18 de abril de 2011 | 13h05

Uma coisa que há bom tempo me incomoda em jogador de futebol é a insistência em não comemorar gols contra ex-equipe. O que seria uma atitude elegante na verdade virou moda. O sujeito passa, por exemplo, cinco meses num time, não cria raízes, não deixa saudades, mas se comporta como neutralidade ao enfrentá-lo. “É uma forma de respeito”, dizem boleiros, em repetição de papagaio e na maioria das vezes mais falsa que nota de 3 reais.

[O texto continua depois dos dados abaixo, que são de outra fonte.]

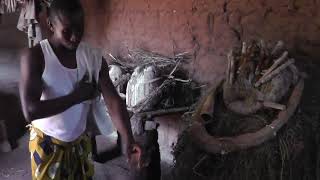 Benin  voodoo shrine Passotomé [upl. by Fairley562]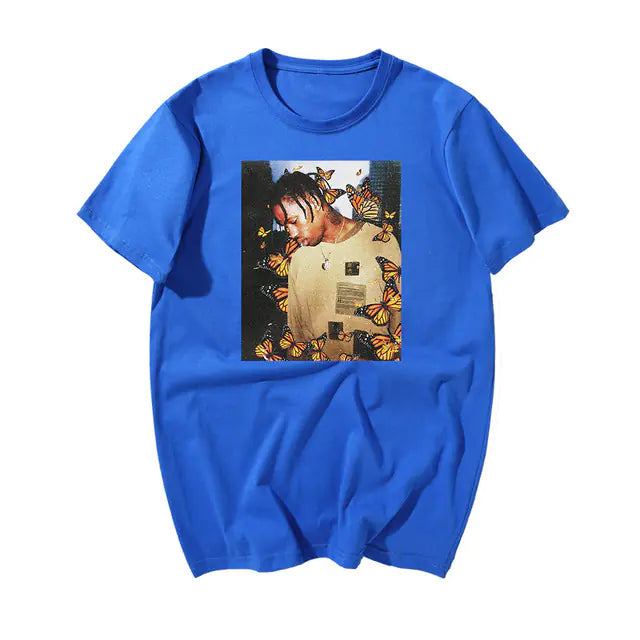 Printed Short Sleeve Round Neck T-Shirt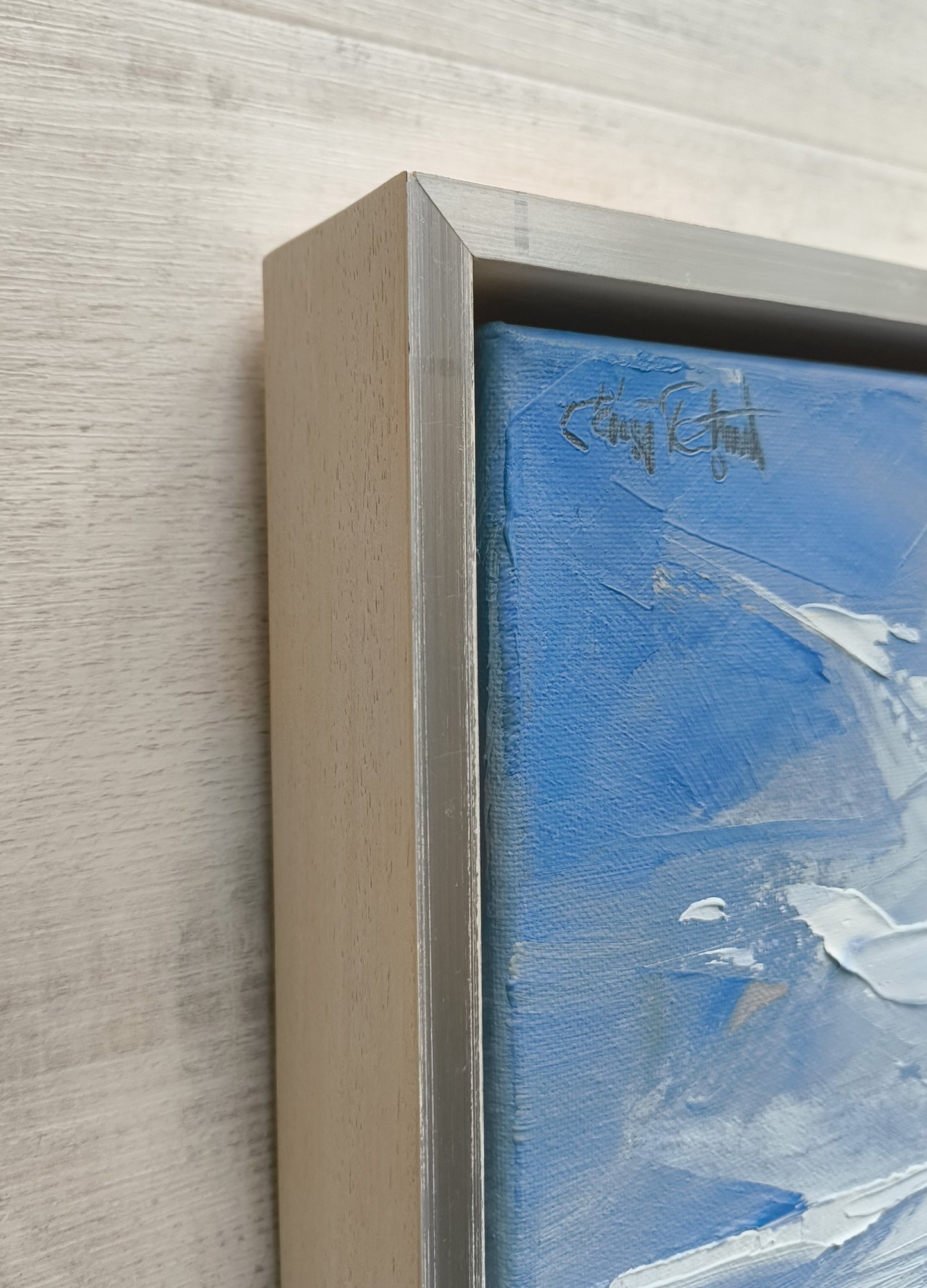Tegtmeier, Claus, Wolkenbank II, 24 x 18cm, Öl auf Leinwand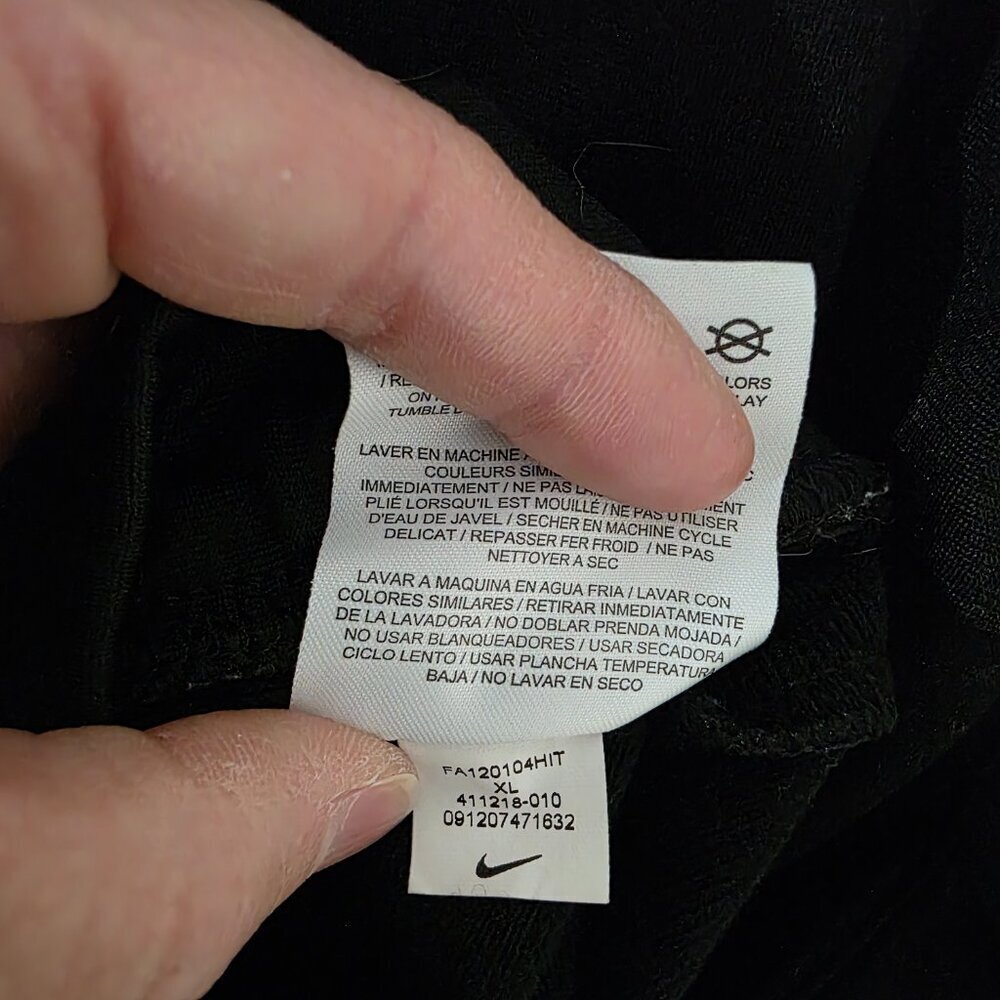 Nike Men's Black and White Striped Full Zip Track Jacket Size XL - Picture 5 of 9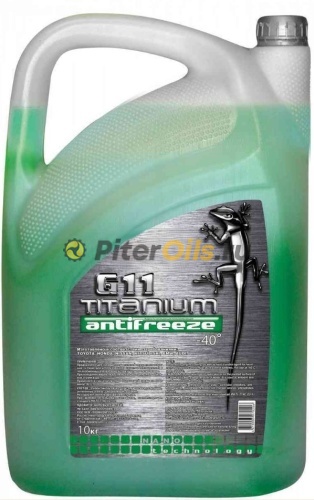 Titanium Антифриз зеленый  G11 -40, 10 кг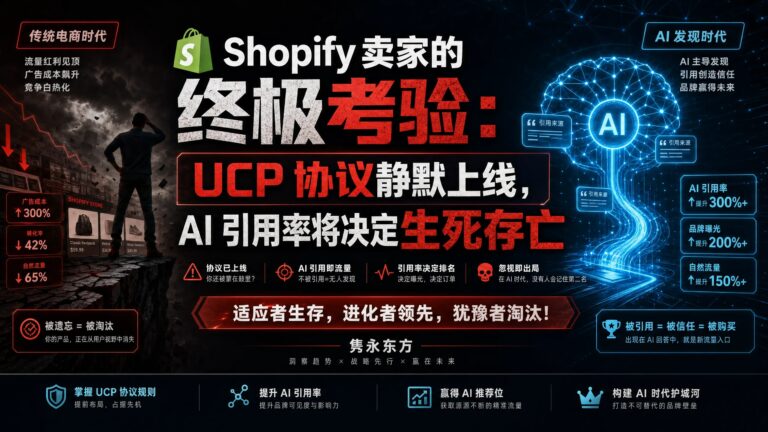 Shopify 卖家的终极考验：UCP 协议静默上线，AI 引用率将决定生死存亡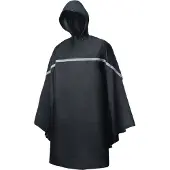 Willex Poncho Zwart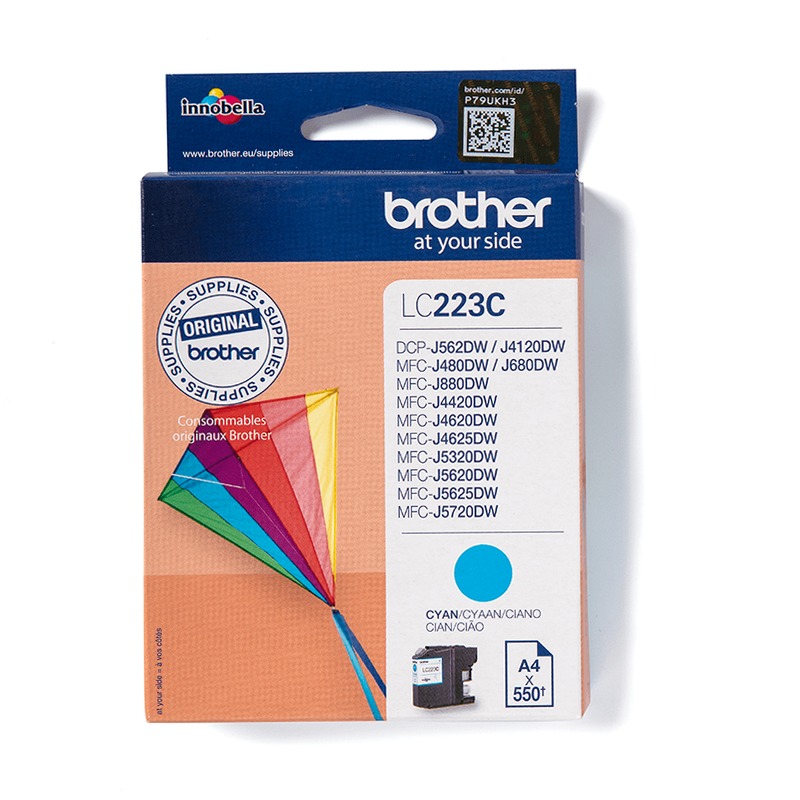 Cartuccia inchiostro ciano Brother LC223C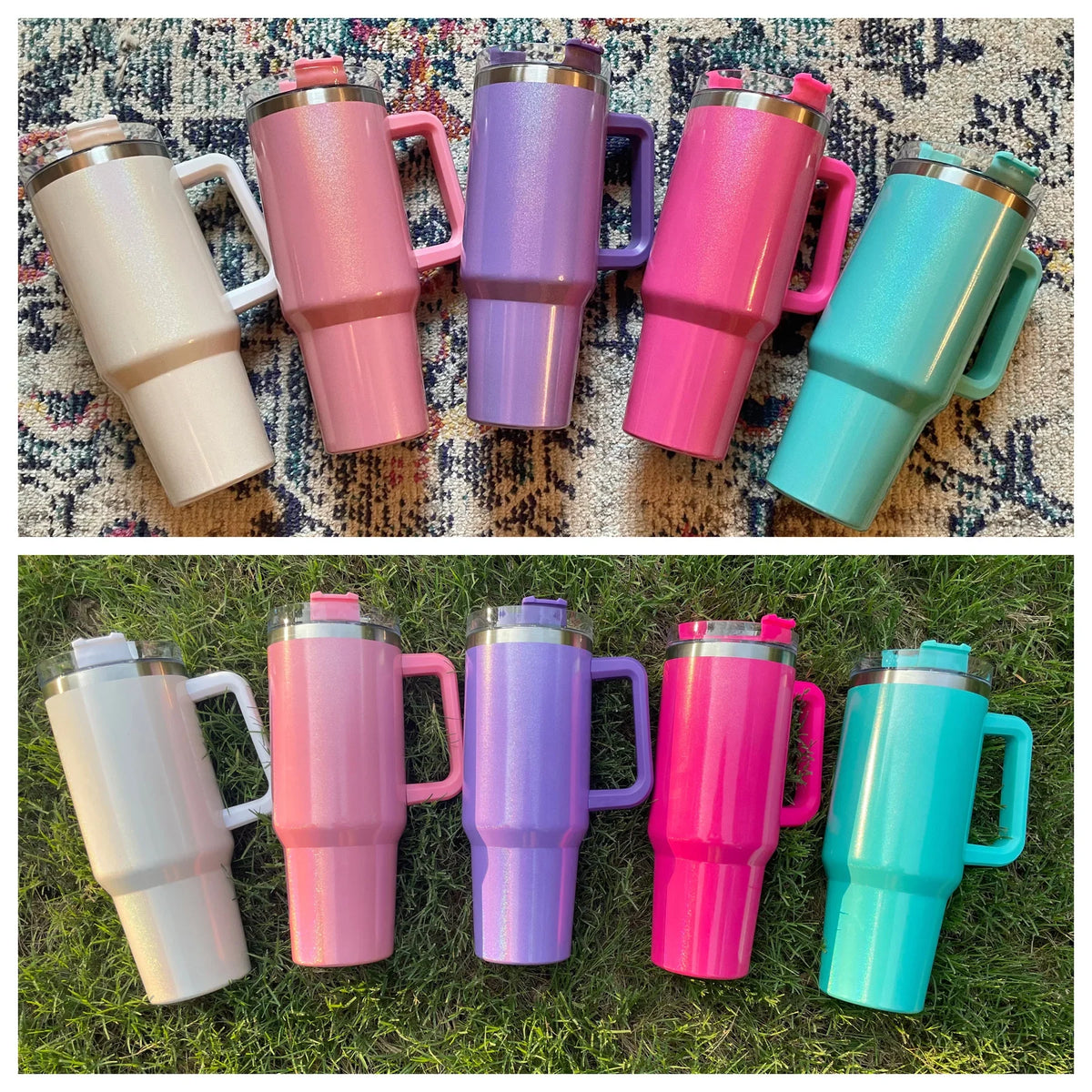 Hazel Blues® |  Insulated Shimmer Tumbler in Five Colors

Nos últimos dias, porém, vi dois atletas que saíram desse lugar-comum, o lateral Cicinho, do Palmeiras, e o zagueiro Anderson, do Santo André. Ambos admitiram, em entrevistas, que comemorariam, com muito entusiasmo, se eventualmente marcassem contra Santo André e Corinthians, respectivamente, clubes com os quais tiveram ligação em algum momento.

“Faço tão poucos gols que preciso festejar sempre que tiver oportunidade”, explicou Cicinho, de uma maneira simpática e nem um pouco desrespeitosa com o Santo André, em que ganhou projeção sobretudo no Campeonato Paulista do ano passado. Melhor foi a reação de Anderson, campeão paulista e da Copa do Brasil com o Corinthians no início dos anos 2000. “Desrespeito muitas vezes com certas palavras e não na comemoração do gol.”

Anderson foi perfeito e sensato. O jogador respeita seu ex-clube se tiver carinho ao referir-se ao tempo em que vestiu determinada camisa. Ou, em casos mais extremos, se evitar críticas ou relevar mágoa. Honra o escudo e a história de um clube quem se dedica a ele com seriedade durante todo o tempo em que durar o contrato. Atleta que age dessa forma certamente será compreendido por seus antigos fãs e terá atitude digna com o clube atual. Fe gol? Tem mais é que sair pulando de contentamento. Ora essa!

Está mais do que na hora de parar com essa bobagem de não comemorar gol contra ex-equipe. Na verdade, daria para compreender comedimento se, digamos, Raul fizesse gol contra o Real Madrid, se Rogério Ceni um dia fosse embora do Morumbi e, por essas coincidências da vida, batesse um pênalti contra o São Paulo. E um ou outro exemplo esporádico.

No mais, trata-se de outra chatice que inventaram no futebol de hoje, em que há cada vez menos espaço para reações esfuziantes, para brincadeiras, gozações. Para alegria, enfim.